Drink wisely: I know, I said it. How about we just keep this section to… “keep moderation in mind”… While the odd tipple is totally acceptable way to unwind, just don’t overdo it. Perhaps it would help to bear in mind that alcohol bombards the body with toxins which it must then process. As all body systems feed into one another, giving them an extra job means less capacity for outstanding performance, i.e. your immune system will be compromised. On this note, you might also find it interesting to know that alcohol-based mouthwashes can damage the antibodies in your saliva, which is the first layer of defence! Why not take the first step by giving that up?
Get cooking: this is the perfect time to get handy in the kitchen. Convenient though it is, processed food (basically, anything you haven’t made yourself) has little or no nutritional value, and contain fats and additives which damage cells and, therefore, deplete the immune system. Fortunately, with our commute presently reduced from dining table to couch, most of us have a little more time - why not find your inner chef? You don’t have to chase a spot in the Michelin Guide, just a few basic skills will allow you top whip up a healthy meal. Get started with a DIY roux - the possibilities after that are endless. Or get onto Insta and follow: abelandcole, thedetoxkitchen and madeleine _shaw. For baking ideas check out https://amyshealthybaking.com/
Eat organic when you can: the jury is always out when it comes to the nutritional value of organic v non organic foods, but the most important reason is simply the toxic load. Chemicals and pesticide levels are far lower in organic foods, which reduces the work your body has to do to eliminate them, freeing it up to fight the bigger bugs. Check out “the dirty dozen” https://www.ewg.org/foodnews/dirty-dozen.php which is a great guide to the levels of pesticides in individual items. It’s a great way to stick to a budget, as you can prioritise which fruit and veg to buy organically and which just need a good wash.

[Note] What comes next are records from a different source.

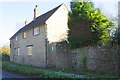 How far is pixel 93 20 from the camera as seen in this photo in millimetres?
14898

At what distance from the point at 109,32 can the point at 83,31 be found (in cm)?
234

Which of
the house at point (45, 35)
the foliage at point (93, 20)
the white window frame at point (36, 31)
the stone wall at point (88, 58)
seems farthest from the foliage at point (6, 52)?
the foliage at point (93, 20)

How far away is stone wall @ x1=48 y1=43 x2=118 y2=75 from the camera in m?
12.9

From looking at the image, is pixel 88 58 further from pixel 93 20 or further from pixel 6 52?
pixel 6 52

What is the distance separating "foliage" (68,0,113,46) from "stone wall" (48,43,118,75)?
0.90m

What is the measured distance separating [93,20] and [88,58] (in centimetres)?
349

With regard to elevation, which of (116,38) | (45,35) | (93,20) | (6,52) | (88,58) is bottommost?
(6,52)

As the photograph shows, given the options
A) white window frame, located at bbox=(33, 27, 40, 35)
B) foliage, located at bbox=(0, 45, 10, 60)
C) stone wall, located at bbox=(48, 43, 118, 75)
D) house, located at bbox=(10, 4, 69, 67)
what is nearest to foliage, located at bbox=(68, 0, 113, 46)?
stone wall, located at bbox=(48, 43, 118, 75)

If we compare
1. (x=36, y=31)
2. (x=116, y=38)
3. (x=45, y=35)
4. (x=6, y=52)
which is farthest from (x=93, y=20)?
(x=6, y=52)

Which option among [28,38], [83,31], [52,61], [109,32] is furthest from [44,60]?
[109,32]

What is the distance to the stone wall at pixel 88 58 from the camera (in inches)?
507

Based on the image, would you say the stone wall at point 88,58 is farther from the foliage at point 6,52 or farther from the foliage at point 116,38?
the foliage at point 6,52

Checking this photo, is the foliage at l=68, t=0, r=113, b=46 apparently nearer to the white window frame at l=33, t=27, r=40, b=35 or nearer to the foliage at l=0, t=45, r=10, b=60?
the white window frame at l=33, t=27, r=40, b=35

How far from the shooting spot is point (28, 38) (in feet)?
91.4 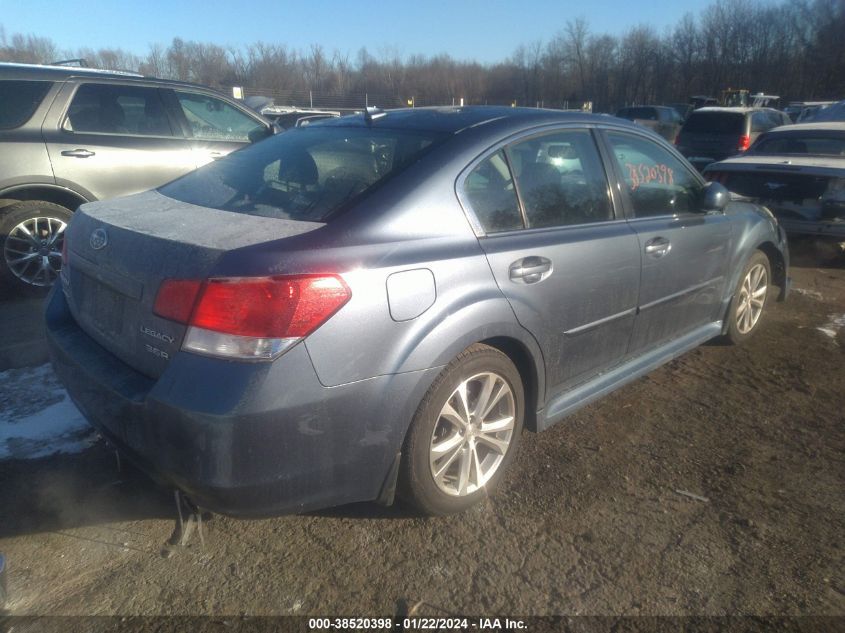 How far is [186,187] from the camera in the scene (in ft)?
9.90

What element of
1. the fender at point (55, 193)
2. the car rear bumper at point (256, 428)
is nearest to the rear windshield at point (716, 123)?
the fender at point (55, 193)

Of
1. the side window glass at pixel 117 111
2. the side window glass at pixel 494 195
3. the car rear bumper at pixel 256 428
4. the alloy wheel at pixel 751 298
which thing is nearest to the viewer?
the car rear bumper at pixel 256 428

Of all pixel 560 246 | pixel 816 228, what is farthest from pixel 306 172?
pixel 816 228

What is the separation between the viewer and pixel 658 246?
3.43m

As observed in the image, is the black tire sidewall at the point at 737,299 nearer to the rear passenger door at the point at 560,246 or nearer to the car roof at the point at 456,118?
the rear passenger door at the point at 560,246

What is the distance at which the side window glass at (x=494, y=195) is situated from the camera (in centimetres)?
265

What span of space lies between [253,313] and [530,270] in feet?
3.97

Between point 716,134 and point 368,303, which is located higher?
point 368,303

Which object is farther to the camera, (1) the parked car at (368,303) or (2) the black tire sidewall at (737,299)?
(2) the black tire sidewall at (737,299)

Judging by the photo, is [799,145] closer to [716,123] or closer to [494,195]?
[716,123]

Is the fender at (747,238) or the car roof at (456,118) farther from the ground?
the car roof at (456,118)

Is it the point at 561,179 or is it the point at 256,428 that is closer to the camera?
the point at 256,428

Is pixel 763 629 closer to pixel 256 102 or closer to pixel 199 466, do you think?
pixel 199 466

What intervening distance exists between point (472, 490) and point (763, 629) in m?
1.13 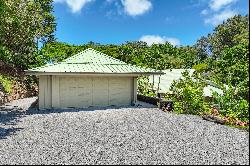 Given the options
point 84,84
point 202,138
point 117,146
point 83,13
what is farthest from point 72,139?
point 84,84

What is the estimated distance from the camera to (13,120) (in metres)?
14.9

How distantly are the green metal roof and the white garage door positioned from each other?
651 millimetres

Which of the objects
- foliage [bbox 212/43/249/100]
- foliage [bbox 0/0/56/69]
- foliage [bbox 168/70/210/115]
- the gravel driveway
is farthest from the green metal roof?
foliage [bbox 0/0/56/69]

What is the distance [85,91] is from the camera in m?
19.8

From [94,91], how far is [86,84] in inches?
26.4

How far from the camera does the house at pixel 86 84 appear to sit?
61.7 ft

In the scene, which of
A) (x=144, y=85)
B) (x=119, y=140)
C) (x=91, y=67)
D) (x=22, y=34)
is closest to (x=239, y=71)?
(x=119, y=140)

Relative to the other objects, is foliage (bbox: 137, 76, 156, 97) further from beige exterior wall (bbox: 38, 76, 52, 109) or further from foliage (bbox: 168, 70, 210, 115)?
beige exterior wall (bbox: 38, 76, 52, 109)

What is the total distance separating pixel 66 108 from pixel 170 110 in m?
6.16

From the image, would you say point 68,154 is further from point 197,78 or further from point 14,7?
point 14,7

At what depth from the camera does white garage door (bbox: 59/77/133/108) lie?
63.4 feet

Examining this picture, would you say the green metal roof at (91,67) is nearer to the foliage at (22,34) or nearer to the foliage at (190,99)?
the foliage at (190,99)

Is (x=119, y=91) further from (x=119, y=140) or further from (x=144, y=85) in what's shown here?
(x=119, y=140)

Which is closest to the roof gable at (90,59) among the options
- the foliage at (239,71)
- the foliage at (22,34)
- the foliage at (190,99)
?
the foliage at (190,99) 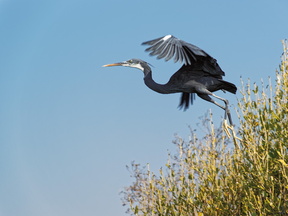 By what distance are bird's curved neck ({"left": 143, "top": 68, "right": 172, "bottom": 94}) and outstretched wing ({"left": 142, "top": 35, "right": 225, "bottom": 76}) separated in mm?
742

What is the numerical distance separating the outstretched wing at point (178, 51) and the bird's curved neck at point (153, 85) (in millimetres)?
742

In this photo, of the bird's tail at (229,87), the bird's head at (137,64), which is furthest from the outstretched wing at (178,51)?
the bird's head at (137,64)

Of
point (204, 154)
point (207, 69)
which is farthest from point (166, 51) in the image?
point (204, 154)

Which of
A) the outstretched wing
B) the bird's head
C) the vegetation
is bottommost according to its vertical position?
the vegetation

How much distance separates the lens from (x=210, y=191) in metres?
8.28

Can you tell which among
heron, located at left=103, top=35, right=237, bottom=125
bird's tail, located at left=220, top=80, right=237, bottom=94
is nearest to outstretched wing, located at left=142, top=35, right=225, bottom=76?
heron, located at left=103, top=35, right=237, bottom=125

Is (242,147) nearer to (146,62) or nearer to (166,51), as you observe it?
(166,51)

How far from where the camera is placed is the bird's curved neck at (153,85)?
10352 millimetres

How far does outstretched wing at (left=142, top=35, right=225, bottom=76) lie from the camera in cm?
916

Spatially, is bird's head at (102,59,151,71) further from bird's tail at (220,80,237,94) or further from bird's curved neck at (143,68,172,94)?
bird's tail at (220,80,237,94)

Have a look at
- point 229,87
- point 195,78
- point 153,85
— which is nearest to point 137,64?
point 153,85

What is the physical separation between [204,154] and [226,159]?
38 cm

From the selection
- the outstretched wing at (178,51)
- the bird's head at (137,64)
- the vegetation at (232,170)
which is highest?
the bird's head at (137,64)

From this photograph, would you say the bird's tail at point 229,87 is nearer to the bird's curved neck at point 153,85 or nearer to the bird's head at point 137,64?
the bird's curved neck at point 153,85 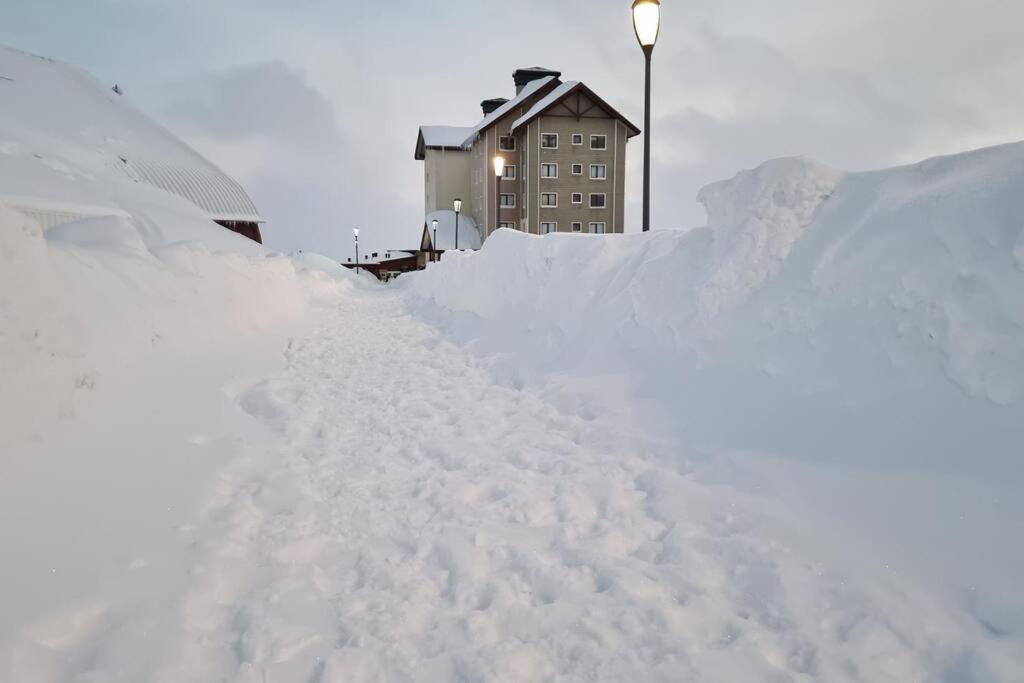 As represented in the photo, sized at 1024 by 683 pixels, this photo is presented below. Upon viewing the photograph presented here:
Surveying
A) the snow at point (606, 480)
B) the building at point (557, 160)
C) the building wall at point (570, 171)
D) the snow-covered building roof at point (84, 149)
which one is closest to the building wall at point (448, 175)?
the building at point (557, 160)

Get familiar with powerful immune-boosting vitamins and minerals: Vitamin C, zinc, and selenium. For C, look beyond the humble orange as broccoli, kiwi and red peppers have an exceptional amount. For zinc, pumpkin seeds and pulses have particularly high levels. Two brazil nuts contain your daily dose of selenium. The simplest way to meet your daily nutrient needs, is simply to east a diverse range of vegetables. Whole fruit is also great, but best kept to two pieces a day.
Go the extra mile for your digestive system: this is where a remarkable 70% of your natural immunity lies. This is a topic within itself, but an initial simple step is to ensure your water and fibre intake is at a good level, and that you are including a mix of prebiotic foods (e.g. garlic, onions, leeks, oats, chicory, asparagus) and probiotic foods (e.g. organic natural yogurt or Kefir, sauerkraut, miso, kimchi, kombucha).
Get out into the sunshine: you can respect the rules and still get your goods - just 20mins of exposure will keep your vitamin D stores at the right level. On a cloudy day, oily fish and shitake mushrooms are excellent substitutes.
See dietary changes as opportunities, not deprivation. You’ll enjoy it far more if you see it as a challenge to self-improve, or a chance to replace a less healthy habit for one that will make you feel good.